# COLLECTED MATERIAL
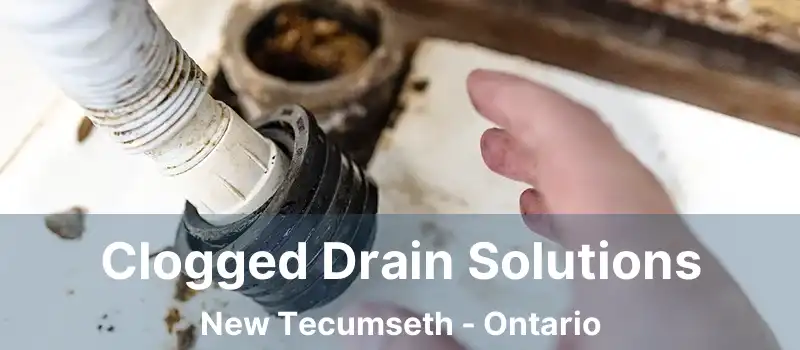  Clogged Drain Solutions New Tecumseth - Ontario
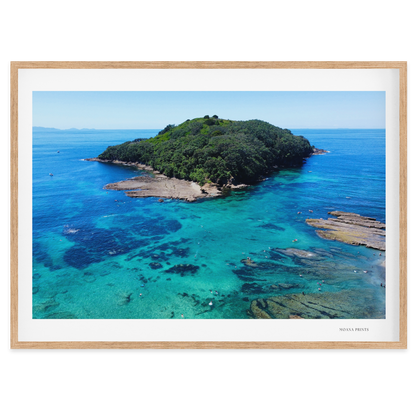 Goat Island Marine Reserve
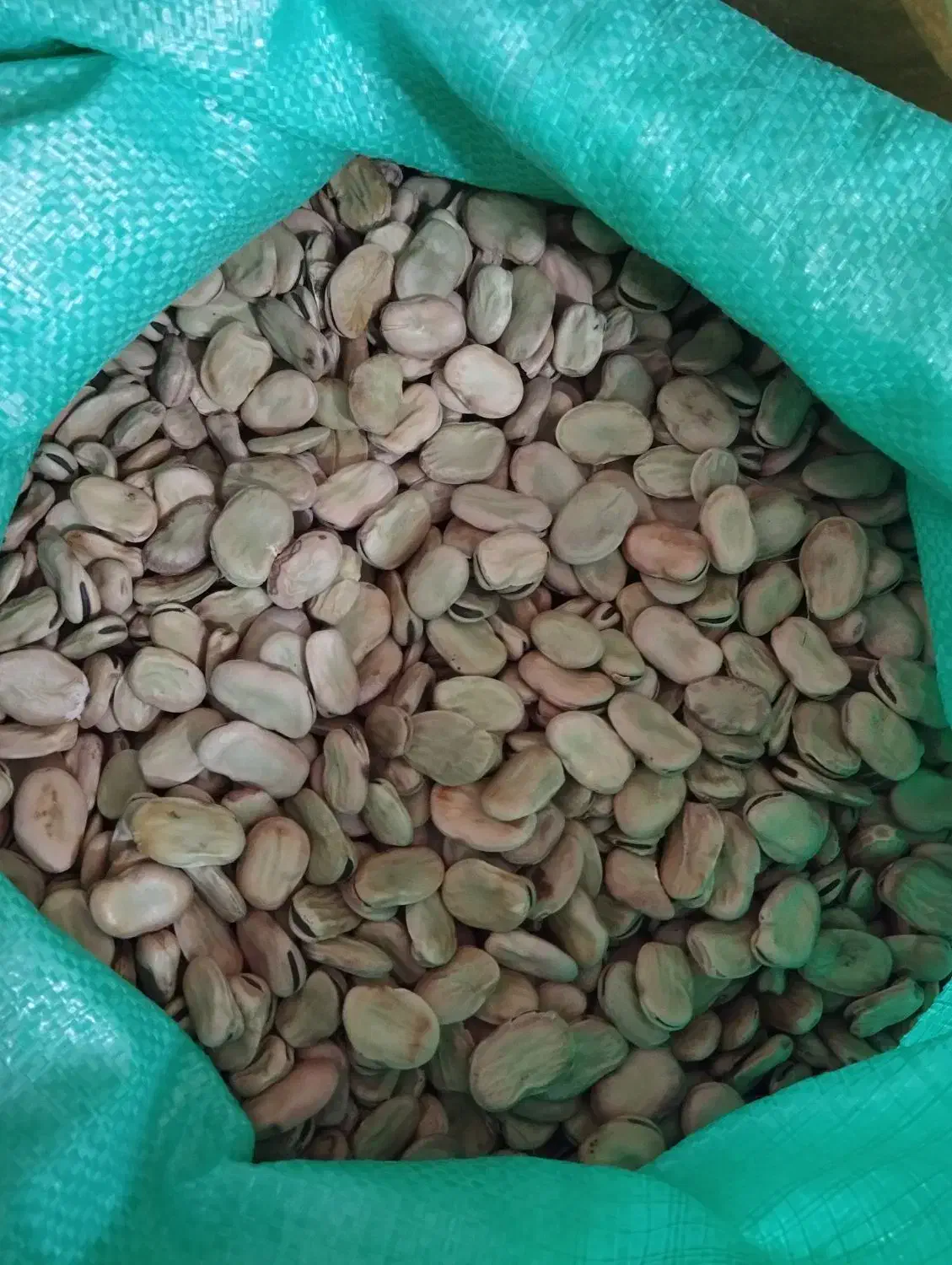 باقلا خشک سه بند سوری|خوردنی و آشامیدنی|بهشهر, |دیوار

# AIM OF THE EXERCISE
The expected response is every line of the material, written out exactly, with the images removed.

# SOLUTION
  Clogged Drain Solutions New Tecumseth - Ontario
 Goat Island Marine Reserve
 باقلا خشک سه بند سوری|خوردنی و آشامیدنی|بهشهر, |دیوار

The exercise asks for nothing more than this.